* **INSTRUCTIONS TO FOLLOW**
In the entries that follow, the line with "Plasser blomstene oppå" opens the range and the line with "Rosemary's Birth Certificate" closes it; repeat that range exactly, both lines included.

* **Data records**
....

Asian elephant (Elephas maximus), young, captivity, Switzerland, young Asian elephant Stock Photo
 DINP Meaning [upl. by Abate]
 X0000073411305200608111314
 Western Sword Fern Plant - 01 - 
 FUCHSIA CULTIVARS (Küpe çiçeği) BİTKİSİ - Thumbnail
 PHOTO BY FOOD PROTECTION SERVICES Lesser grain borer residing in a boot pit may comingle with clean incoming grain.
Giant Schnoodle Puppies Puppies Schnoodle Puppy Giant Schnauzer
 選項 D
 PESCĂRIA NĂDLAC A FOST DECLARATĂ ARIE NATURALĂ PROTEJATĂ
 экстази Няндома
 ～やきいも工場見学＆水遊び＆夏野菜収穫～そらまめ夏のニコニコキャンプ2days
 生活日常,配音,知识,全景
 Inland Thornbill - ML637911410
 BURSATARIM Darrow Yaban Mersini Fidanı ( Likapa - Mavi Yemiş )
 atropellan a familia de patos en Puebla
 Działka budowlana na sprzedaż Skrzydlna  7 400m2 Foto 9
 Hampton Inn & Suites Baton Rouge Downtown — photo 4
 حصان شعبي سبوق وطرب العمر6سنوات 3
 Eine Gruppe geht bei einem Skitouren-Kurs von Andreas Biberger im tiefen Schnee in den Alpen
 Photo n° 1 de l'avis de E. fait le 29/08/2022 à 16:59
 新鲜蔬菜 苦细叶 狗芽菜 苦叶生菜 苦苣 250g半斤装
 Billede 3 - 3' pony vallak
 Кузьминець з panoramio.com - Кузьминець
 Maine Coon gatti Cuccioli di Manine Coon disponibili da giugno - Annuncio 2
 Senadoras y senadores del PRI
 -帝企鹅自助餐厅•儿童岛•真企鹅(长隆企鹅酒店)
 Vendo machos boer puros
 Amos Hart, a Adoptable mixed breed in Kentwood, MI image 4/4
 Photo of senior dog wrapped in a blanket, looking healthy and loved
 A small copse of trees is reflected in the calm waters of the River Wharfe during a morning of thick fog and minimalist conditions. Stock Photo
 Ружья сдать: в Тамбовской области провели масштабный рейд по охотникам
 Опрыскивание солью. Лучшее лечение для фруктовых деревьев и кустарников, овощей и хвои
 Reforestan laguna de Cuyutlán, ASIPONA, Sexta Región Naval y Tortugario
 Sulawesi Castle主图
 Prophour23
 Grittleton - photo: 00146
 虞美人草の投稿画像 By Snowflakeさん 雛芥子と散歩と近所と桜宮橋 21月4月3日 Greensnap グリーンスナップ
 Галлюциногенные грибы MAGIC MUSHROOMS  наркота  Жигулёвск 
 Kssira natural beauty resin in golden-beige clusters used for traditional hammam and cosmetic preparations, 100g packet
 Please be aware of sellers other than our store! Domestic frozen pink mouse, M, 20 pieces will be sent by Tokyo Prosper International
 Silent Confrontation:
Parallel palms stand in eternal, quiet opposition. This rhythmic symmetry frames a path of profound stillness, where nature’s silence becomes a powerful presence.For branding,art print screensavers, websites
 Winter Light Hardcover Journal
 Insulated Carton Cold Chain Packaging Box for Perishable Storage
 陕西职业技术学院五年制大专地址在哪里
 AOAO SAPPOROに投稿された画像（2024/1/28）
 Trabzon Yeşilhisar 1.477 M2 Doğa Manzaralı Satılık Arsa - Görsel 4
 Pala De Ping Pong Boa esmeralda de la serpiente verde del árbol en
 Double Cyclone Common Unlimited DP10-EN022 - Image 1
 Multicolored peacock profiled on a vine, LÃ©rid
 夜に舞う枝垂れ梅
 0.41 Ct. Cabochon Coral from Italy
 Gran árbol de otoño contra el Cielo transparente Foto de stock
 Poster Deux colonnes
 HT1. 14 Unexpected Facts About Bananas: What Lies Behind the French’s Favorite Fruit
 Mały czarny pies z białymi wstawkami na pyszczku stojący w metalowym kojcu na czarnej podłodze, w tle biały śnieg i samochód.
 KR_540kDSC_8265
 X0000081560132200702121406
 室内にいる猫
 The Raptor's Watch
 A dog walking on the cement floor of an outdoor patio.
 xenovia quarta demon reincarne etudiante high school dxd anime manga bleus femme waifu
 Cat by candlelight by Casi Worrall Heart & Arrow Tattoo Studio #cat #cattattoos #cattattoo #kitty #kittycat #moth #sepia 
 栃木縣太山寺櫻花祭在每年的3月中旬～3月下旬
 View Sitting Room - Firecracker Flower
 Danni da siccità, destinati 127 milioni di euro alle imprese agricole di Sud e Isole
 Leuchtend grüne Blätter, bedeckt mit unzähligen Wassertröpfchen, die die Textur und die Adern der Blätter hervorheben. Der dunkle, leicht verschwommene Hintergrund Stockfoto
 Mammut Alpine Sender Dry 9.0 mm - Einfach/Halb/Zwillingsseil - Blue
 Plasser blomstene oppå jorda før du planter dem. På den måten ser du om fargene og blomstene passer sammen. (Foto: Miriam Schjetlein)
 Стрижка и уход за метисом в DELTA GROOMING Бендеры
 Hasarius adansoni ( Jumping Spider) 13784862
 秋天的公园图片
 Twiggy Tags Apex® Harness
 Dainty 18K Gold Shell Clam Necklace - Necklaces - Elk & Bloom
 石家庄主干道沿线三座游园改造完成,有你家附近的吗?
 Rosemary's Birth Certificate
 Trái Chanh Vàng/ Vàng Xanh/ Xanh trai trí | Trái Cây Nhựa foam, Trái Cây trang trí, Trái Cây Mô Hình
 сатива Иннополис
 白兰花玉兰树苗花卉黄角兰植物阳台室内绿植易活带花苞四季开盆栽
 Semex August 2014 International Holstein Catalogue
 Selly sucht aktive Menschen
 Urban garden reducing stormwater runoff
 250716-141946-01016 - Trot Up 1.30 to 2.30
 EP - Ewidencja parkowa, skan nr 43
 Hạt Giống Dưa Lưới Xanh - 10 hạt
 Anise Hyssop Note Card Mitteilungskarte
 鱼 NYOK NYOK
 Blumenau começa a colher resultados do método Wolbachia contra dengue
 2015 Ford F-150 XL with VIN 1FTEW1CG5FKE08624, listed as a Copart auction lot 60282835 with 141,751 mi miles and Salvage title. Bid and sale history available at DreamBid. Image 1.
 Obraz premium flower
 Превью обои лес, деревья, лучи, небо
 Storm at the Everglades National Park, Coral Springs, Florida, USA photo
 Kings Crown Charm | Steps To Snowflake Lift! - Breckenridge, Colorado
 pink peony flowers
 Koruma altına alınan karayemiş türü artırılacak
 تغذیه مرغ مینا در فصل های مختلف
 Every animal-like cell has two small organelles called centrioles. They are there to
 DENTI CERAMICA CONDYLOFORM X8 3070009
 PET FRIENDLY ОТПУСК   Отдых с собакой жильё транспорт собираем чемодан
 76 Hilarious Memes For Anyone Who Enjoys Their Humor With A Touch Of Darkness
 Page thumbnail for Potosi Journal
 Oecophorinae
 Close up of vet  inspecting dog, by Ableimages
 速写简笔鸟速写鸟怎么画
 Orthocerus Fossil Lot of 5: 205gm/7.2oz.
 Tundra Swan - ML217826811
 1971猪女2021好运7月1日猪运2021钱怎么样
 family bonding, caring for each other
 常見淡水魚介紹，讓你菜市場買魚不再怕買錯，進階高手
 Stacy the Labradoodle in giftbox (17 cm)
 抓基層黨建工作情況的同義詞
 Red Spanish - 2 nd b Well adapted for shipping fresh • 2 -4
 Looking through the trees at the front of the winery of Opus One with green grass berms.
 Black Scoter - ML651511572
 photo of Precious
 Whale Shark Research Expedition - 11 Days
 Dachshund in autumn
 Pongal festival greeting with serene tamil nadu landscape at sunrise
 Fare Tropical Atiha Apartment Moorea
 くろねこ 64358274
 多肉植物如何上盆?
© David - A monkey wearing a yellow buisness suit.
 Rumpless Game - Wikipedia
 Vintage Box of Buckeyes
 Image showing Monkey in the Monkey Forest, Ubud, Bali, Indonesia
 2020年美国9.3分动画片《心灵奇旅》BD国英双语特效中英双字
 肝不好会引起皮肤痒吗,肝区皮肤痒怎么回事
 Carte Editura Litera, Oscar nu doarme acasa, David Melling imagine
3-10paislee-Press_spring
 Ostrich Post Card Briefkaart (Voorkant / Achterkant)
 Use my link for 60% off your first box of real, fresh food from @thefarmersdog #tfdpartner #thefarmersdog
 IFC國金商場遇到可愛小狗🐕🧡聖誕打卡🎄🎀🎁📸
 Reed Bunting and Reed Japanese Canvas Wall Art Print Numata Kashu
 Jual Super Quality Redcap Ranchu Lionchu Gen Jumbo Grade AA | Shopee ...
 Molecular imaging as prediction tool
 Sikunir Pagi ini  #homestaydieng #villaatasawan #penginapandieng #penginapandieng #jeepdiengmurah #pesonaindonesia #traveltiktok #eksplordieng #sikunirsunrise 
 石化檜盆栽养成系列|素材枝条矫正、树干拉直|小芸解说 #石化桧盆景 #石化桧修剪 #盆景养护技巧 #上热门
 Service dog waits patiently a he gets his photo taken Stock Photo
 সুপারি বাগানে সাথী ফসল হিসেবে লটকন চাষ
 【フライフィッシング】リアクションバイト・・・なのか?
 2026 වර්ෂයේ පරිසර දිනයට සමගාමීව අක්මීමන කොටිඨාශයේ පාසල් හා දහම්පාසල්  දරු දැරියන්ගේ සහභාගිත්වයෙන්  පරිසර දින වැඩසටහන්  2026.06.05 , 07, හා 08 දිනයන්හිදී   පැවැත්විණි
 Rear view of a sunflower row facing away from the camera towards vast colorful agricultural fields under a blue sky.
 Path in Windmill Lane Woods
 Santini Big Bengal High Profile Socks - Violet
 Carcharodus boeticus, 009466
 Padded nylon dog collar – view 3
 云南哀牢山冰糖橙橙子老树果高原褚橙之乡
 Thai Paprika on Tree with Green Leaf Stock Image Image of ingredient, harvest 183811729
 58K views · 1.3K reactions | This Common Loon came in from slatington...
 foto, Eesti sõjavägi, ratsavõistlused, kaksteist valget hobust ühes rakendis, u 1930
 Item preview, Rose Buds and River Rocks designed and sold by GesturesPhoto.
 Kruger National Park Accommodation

....

* **ANSWER BELOW**
 Plasser blomstene oppå jorda før du planter dem. På den måten ser du om fargene og blomstene passer sammen. (Foto: Miriam Schjetlein)
 Стрижка и уход за метисом в DELTA GROOMING Бендеры
 Hasarius adansoni ( Jumping Spider) 13784862
 秋天的公园图片
 Twiggy Tags Apex® Harness
 Dainty 18K Gold Shell Clam Necklace - Necklaces - Elk & Bloom
 石家庄主干道沿线三座游园改造完成,有你家附近的吗?
 Rosemary's Birth Certificate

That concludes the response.